Las sombras en la caverna

Un pokemon, evolucionando. (Foto: Xesús Ponte)
photo_camera Un pokemon, evolucionando. (Foto: Xesús Ponte)

LUGO ES YA un mito, un relato sobrecogedor al que no le son ajenas ninguna de las cuestiones básicas de la existencia humana: las diosas y los demonios, el sexo -a veces incluso entre diosas y demonios-, la avaricia, la mentira, el coraje, la envidia, la ambición... Jueces estrella, putas imputadas, políticos enlodados, funcionarios jetas, policías delincuentes, empresarios narcotizados y cualquier otra criatura imposible tienen su cabida en este Lugo primigenio que todo el país conoce ya como macrosumario.

Por orden judicial, nuestra pintoresca aldea del norte se ha convertido en pura metáfora, en material sociológico para el estudio de expertos, en el laboratorio perfecto para el análisis del estado de ánimo del país entero. Ya no se sabe muy bien si Lugo es real o solo una sombra proyectada por el fuego sobre la pared de una caverna.

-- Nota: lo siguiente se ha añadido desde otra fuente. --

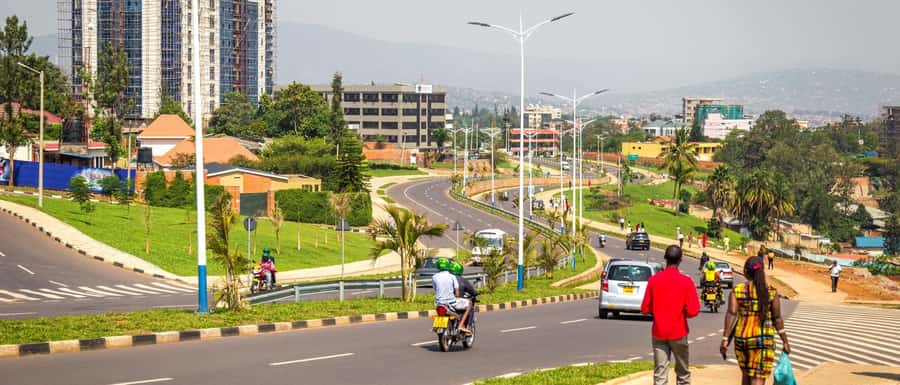 Kigali: Guided City Tour with a Local Expert - The Kigali Genocide Memorial and one hour of serious history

A mí, a saber por qué, con tanto Pokemon evolucionado a comisionista, a adjudicatario y a contratista público me ha dado por pensar en uno de los muchos problemas que arrastra nuestra deficiente democracia, la financiación de los partidos políticos.

Es evidente la necesidad de reformar nuestro sistema electoral y de organización política, que ha evolucionado hacia una partitocracia. Y, en ese contexto, ya va siendo hora de asumir que la opacidad con la que se manejan las cajas de los partidos es un foco de corrupción incesante. Y es, además, una corrupción mucho más peligrosa que la individual, porque esta forma parte de la puñetera naturaleza humana y se elimina poniendo al corrupto entre rejas, cuando se puede.

La otra, sin embargo, es colectiva, organizada y asumida por sus inefables protagonistas como necesaria, hasta el punto de que en sus maltrechas conciencias queda desprovista de su carácter delictivo, incluso de su inmoralidad, haciendo imposible cualquier sentimiento de culpa y hasta de vergüenza torera.

El monstruo que hemos creado no es consciente de su propia voracidad, porque parte de la convicción compartida de que la representatividad a través de los partidos políticos es la forma menos mala de las conocidas para organizarnos. Y es verdad, pero no de estos partidos cerrados y cerriles en los que el único mérito a valorar es el asentimiento.

Lo que sucede cuando la política se convierte en el hábitat de los mediocres, en lugar del destino de los mejores, es que no hay espacio que llegue para albergar a tanto inútil, y el apparatchik tiende al gigantismo, de modo que su única justificación es su propia supervivencia. Y para eso hace falta dinero. A espuertas.

Y ahí revienta el problema. Comites nacionales, autonómicos, provinciales y locales no encuentran otra manera de seguir alimentándose que la prevaricación y el cohecho. A todos los niveles, y siempre del mismo modo: las concesiones públicas a cambio de porcentaje. Los del comité central, con las grandes empresas; los del local, con las pequeñas. Y todos con la misma justificación: no es por nosotros, es por el bien de toda la sociedad, que nos necesita, lo que permite a sus recaudadores irse a dormir cada noche con la conciencia tranquila y un buen puñado de billetes para pagar el próximo mitin, al que solo acudirán sus propios militantes.

Han convertido en bien común lo que nunca debería haber salido del ámbito delictivo, y lo han hecho además con la coartada de que, al fin y al cabo, no hacen otra cosa que favorecer a las empresas correspondientes. El ejemplo más simple es el del procedimiento negociado, ideado como un instrumento útil para que pequeños municipios pudieran solucionar de forma rápida sus problemas, favoreciendo además el tejido productivo local, y se ha transformado en el método más eficaz para trincar de largo y echar del mercado al empresario que no tiene los contactos adecuados.

Es en este caldo de cultivo en el que florecen los gürteles, los eres amañados y está por ver si los pokemons. Es descorazonador comprobar que salimos con tanto esfuerzo de la caverna solo para terminar en un juzgado iluminado a una de la madrugada.